Influencer Layering: The PR Approach Applied to Creators
Toniolo outlined a layered, or tiered, influencer marketing strategy that sounded remarkably similar to the PR pros here at Teak Media. For Dolce & Gabanna, mega and macro influencers (100K+ followers) are storytellers who grab attention and create aspiration. They handle awareness and elevation. Mid-tier creators (10K-100K followers) are reviewers and experts who build credibility, driving consideration and deeper understanding. Micro-influencers (1K-10K followers) are daily users with highly engaged audiences who focus on conversion and action.
This is exactly how we build our media strategies.
Rather than pitching only international and national news outlets, hoping for the biggest reach possible, we implement a top down and bottom up approach, which means we layer national outlets for reach, regional media for relevance, trade publications for credibility, and hyperlocal coverage for community connection.
Mega-influencers introduce your mission to new audiences. Mid-tier creators explain why your work matters. Micro-influencers drive meaningful engagement and action. Different tiers serve different purposes, just like different media outlets.
Platform Strategy: Meeting Audiences Where They Are
D&G’s per-platform approach is simple: Instagram for awareness and elevation. TikTok for authenticity and consideration. YouTube for education and exploration. Each platform serves a distinct purpose with content designed specifically for its strengths.
Instagram might showcase galas and milestones, while TikTok could feature day-in-the-life content from staff or those served by your organization. YouTube might host longer-form storytelling about program impact. A promotional brand video will perform better on Instagram than on TikTok, where viewers expect and value organic and “raw” content. Be intentional about which platforms serve which goals, and design your content accordingly.
The Balance Between Data and Instinct
D&G looks at influencer share of voice (how much creators talk about your brand compared to how much they post about competitors), audience quality, and earned media value. Global luxury brands have the resources and infrastructure to monitor these sophisticated metrics. But they also trust their creative teams to identify cultural moments and authentic opportunities for engagement.
Most nonprofits don’t have access to that level of analytics, and that’s okay. Start with what you can reasonably track. Are you seeing meaningful interactions like saves, shares, or thoughtful comments that signal deeper connection? If you can track conversions like volunteer sign-ups, donations, or event registrations that come in through influencer campaigns, great. If you can’t, look at leading indicators like profile visits, link clicks, or DM inquiries.
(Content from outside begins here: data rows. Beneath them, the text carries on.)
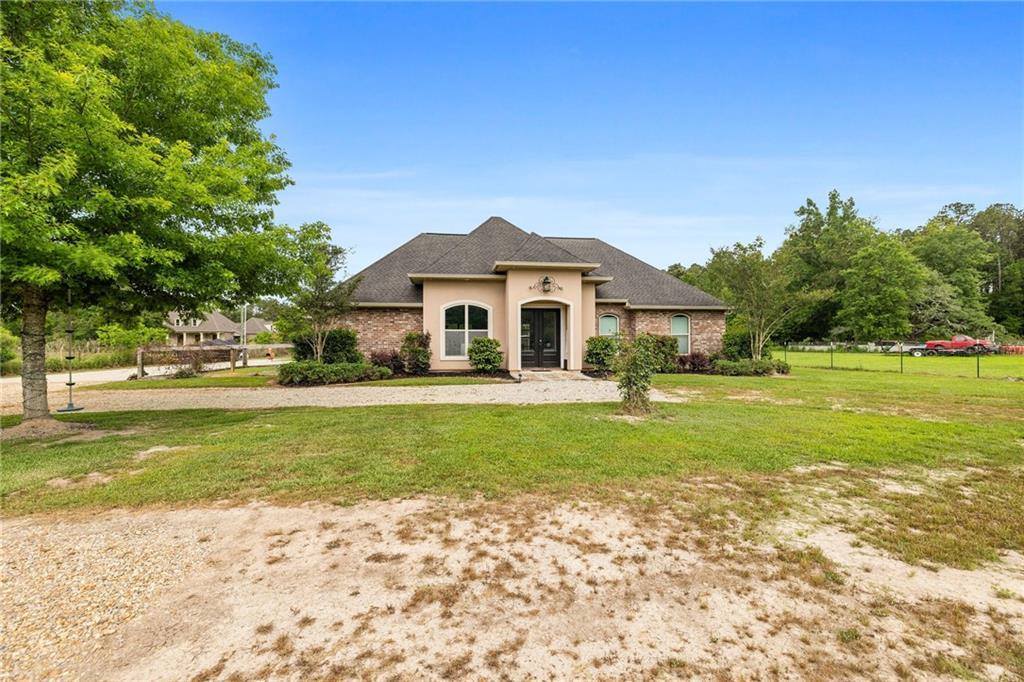 21121 Live Oak Lane, Ponchatoula, LA 70454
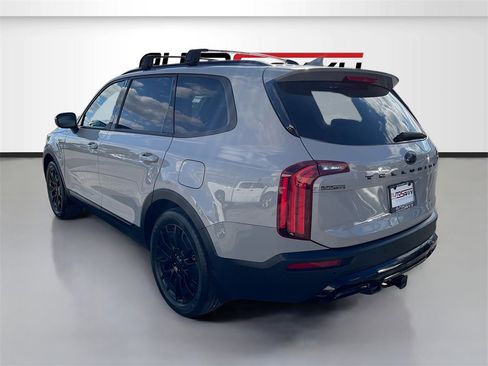 Used 2021 Kia Telluride EX w/ EX Premium Package image 5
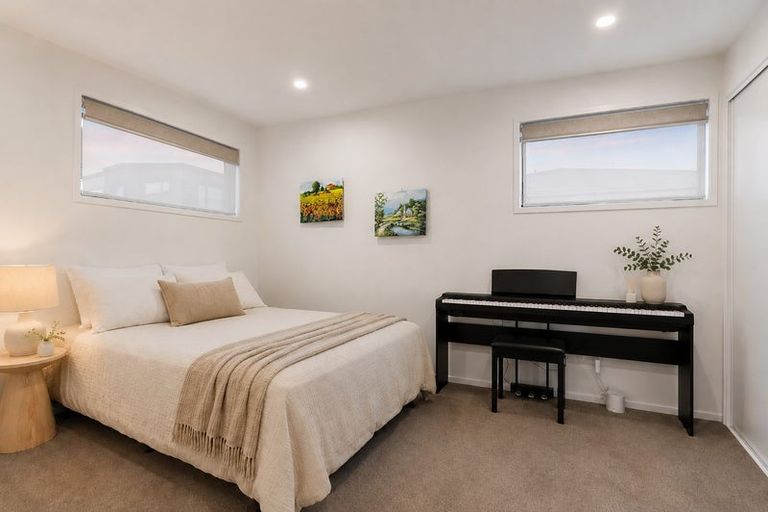 Photo of property in 33 Renata Crescent, Te Atatu Peninsula, Auckland, 0610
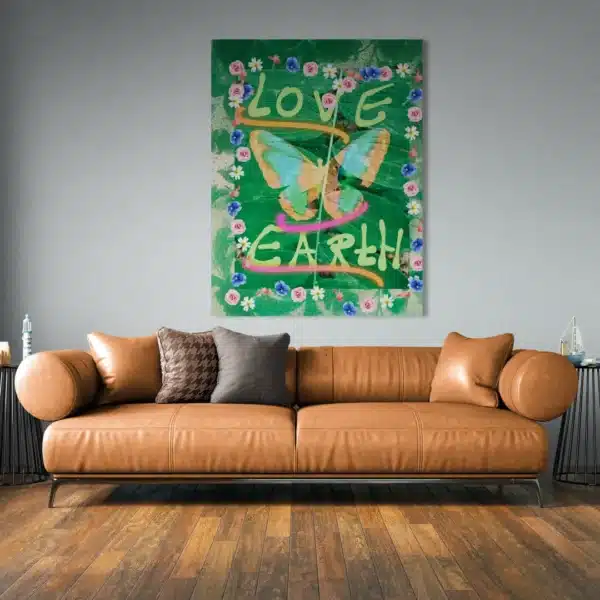 LOVE-EARTH-BANKSTEL Love Earth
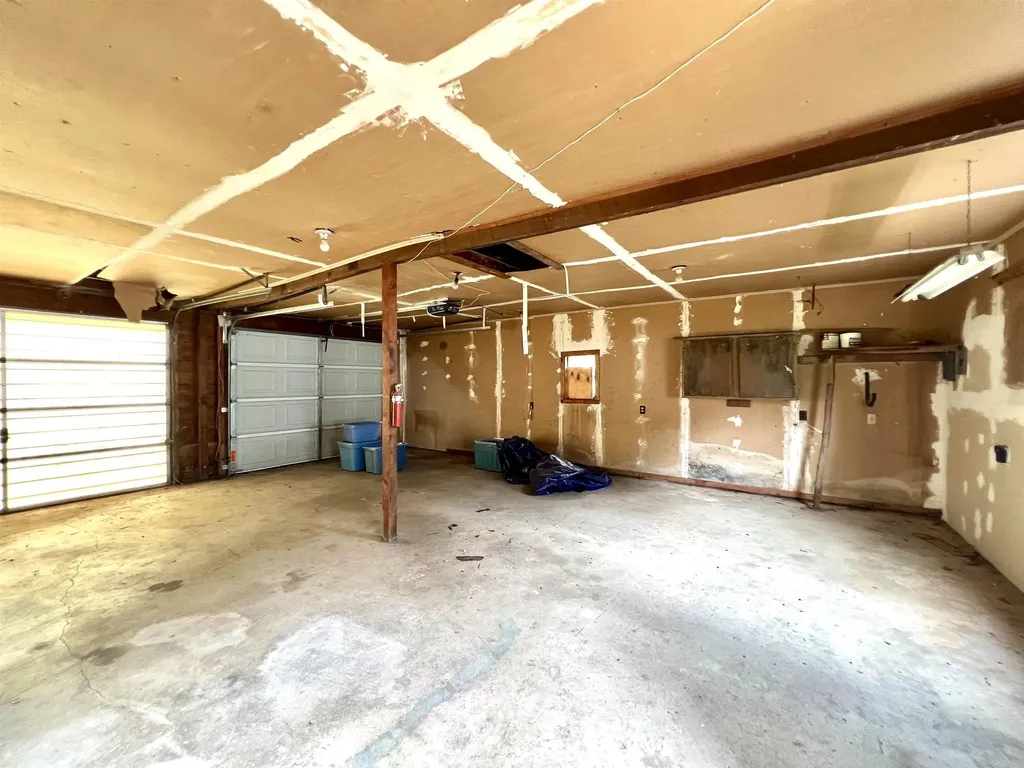1015 N 10th Arkansas City KS 67005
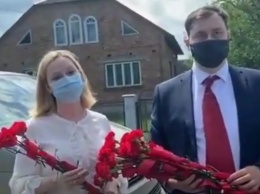 На Украине националисты не дали российским дипломатам возложить цветы к памятнику Пушкину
The D&G lesson here is about balance. Track what you can and don’t let the absence of perfect data stop you from moving forward. Trust your team’s judgment about which creators feel right and which trending moments might align with your mission. A creator partnership might not drive immediate donations, but it could be building long-term awareness, strengthening your reputation, or reaching an entirely new audience you couldn’t access otherwise.
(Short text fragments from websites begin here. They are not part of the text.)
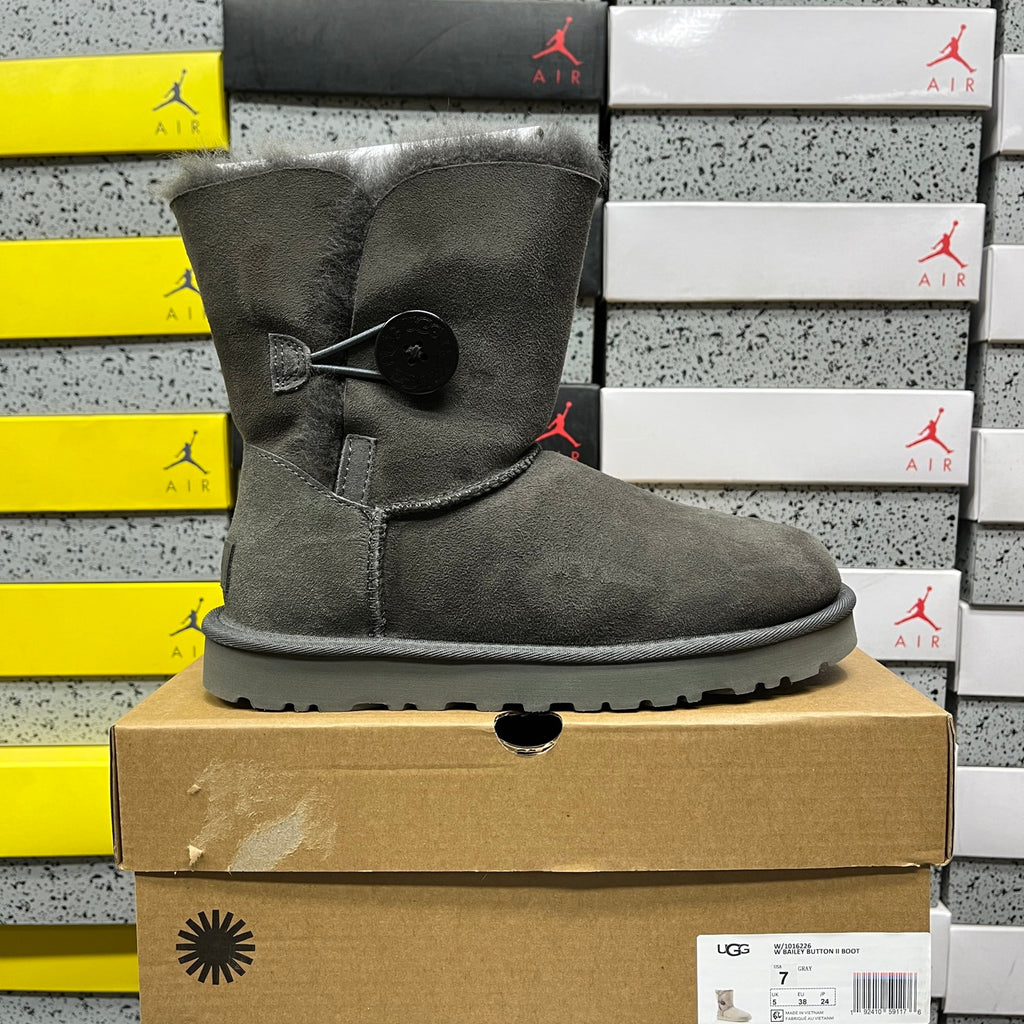 UGG Snow Boots – Classic Grey (Style #1016226) | Sizes 35–40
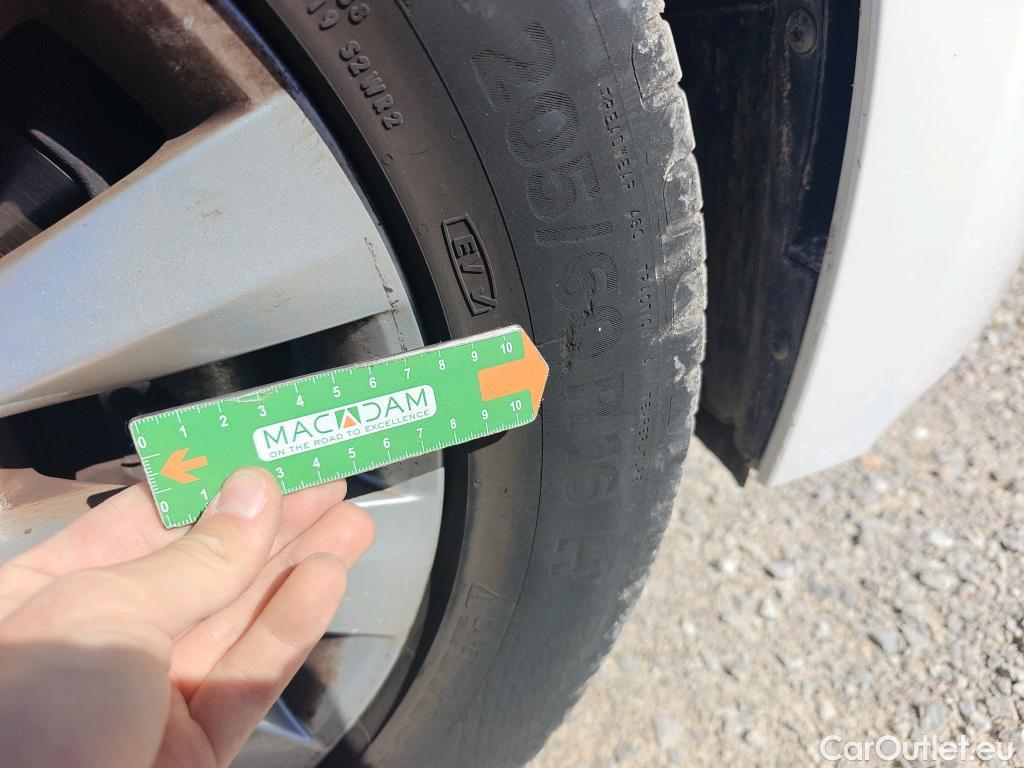  Skoda  KAMIQ SKODA  1.0 TSI 81kW (110CV) DSG Ambition #1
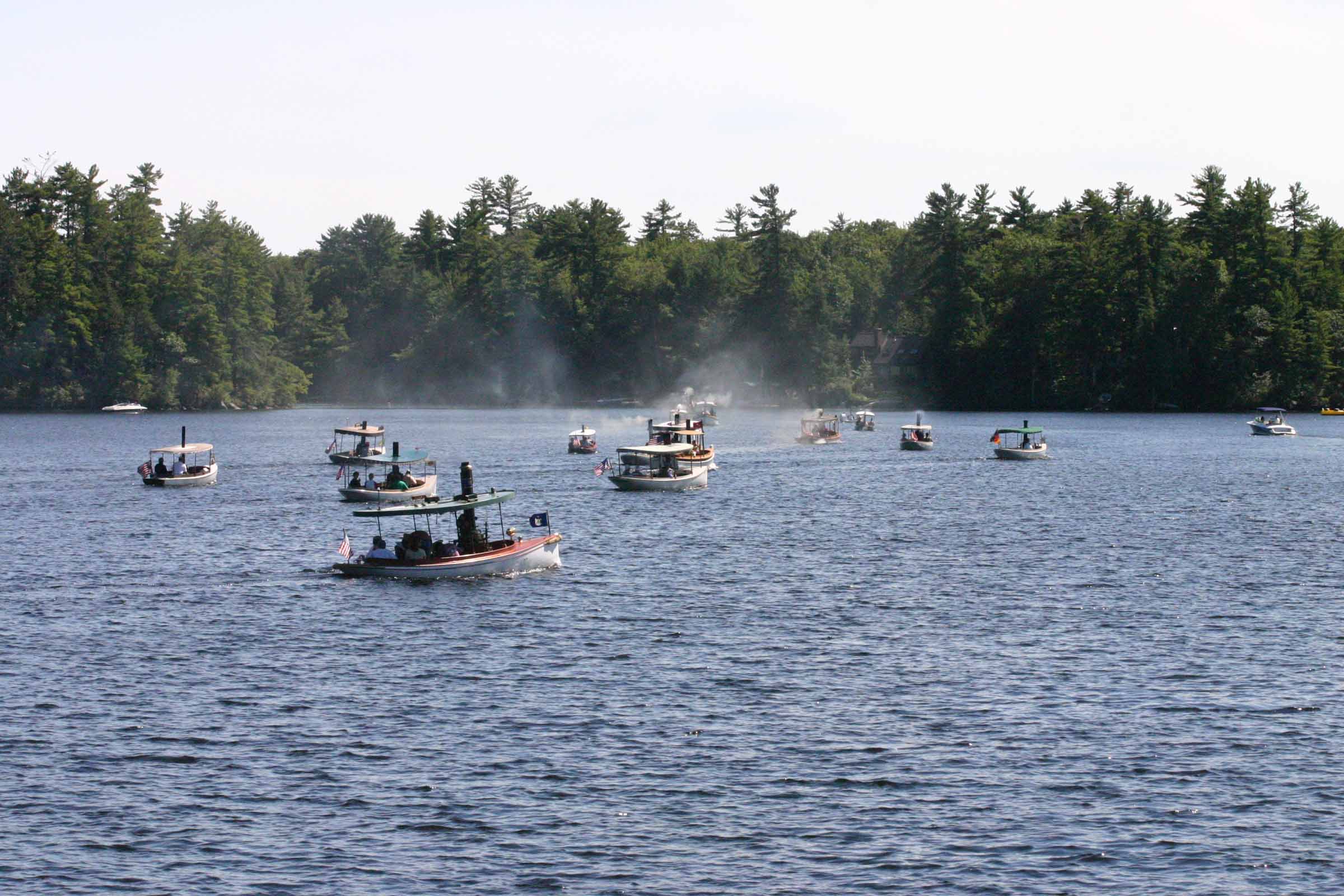 203Steamboats_heading_down_lake_091105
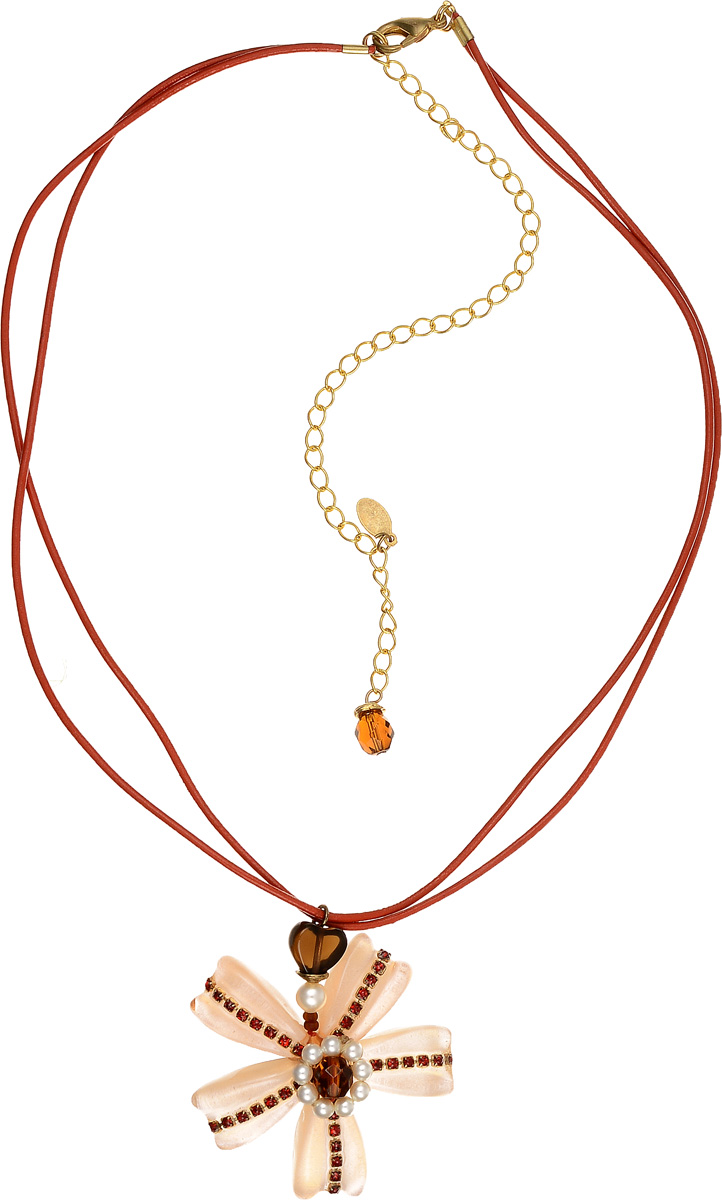 Колье Lalo Treasures Autumn, цвет: красный, золотистый. P4486P4486 Колье Lalo Treasures Autumn, цвет: красный, золотистый. P4486P4486Яркое колье современного дизайна Lalo Treasures Autumn изготовлено из искусственной кожи и металлического сплава. Украшение дополнено подвеской, основные элементы которой выполнены из ювелирной смолы. Изделие застегивается на замок-карабин, длина регулируется. Стильное украшение поможет дополнить любой образ и привнести в него завершающий яркий штрих.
Create an Experience, Not Just Content
D&G sells the mystery and intrigue of Italian culture. Their influencer marketing strategy maintains luxury’s elite status while making it feel accessible. When micro-influencers share their morning ritual featuring D&G fragrance, they’re extending the brand’s storytelling without cheapening it. Relatable moments allow everyday consumers to get a glimpse into an aspirational lifestyle.
The same principle applies when nonprofits and mission-driven organizations work with creators. They are selling something intangible: a feeling, a connection, an invitation into a movement. Partner with an eco-friendly lifestyle creator to connect your environmental work to sustainable choices, a parenting influencer to frame your youth mentorship mission through raising confident kids, or a local food blogger to tell your food justice story through a community meal.
The creator gives your mission context and accessibility. D&G doesn’t ask influencers to sell perfume, they ask them to share moments of Italian-inspired beauty. Similarly, you’re asking creators to show their audience how your organization’s work fits into values and experiences their followers already care about, in a way that feels authentic, natural to their content, and true to their voice.
Luxury fashion and nonprofit communications might seem worlds apart, but the fundamentals of influential storytelling remain the same: authenticity, strategic layering, cultural relevance, and creating experiences that resonate emotionally.